# Flying with some Dirty Blondes



## Lil_Tate (Dec 18, 2006)

*Re: Full Moon with some Dirty Blondes*

sick pix Sam
as always u da man...
what kind of fly set up is that?


----------



## ucfsae81 (Dec 5, 2007)

wow as always great pics, i wish i could fish as much as you do and it was a burden to catch redfish all day


----------



## Spook (Apr 6, 2007)

That last one is a fatty. How do you like that TFO reel?

Elie


----------



## St._Sophie_Girl (Dec 13, 2006)

Awesome Sam! At first when you said dirty blonde I thought you were talking about me... ;D


----------



## Ron_W. (Dec 14, 2006)

Sweet! To calm, To many fish and no other boats, I hope to suffer those condition one day. ;D


----------



## tom_in_orl (Dec 9, 2006)

Congrats!
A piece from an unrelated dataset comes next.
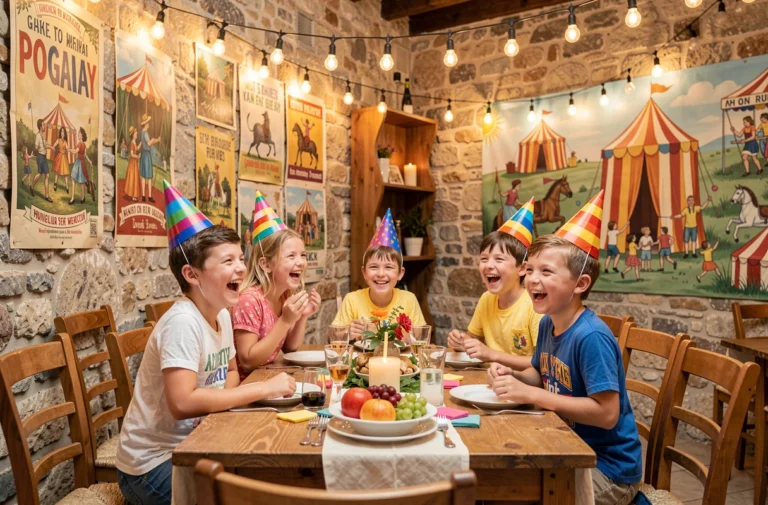 Groupe d'enfants fêtant un anniversaire dans un lieu insolite au décor de cirque vintage à Nice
Those are some sweet reds on fly.


----------



## deerfly (Mar 10, 2007)

Sam, glad you broke the ice on fly, congrats for sure.  Now we expect to see a lot more of the same.


----------



## thresher (Dec 18, 2006)

This photo should be an ECC ad! LOOK HOW SKINNY THAT WATER IS!?!!?!! one1! Wow.


----------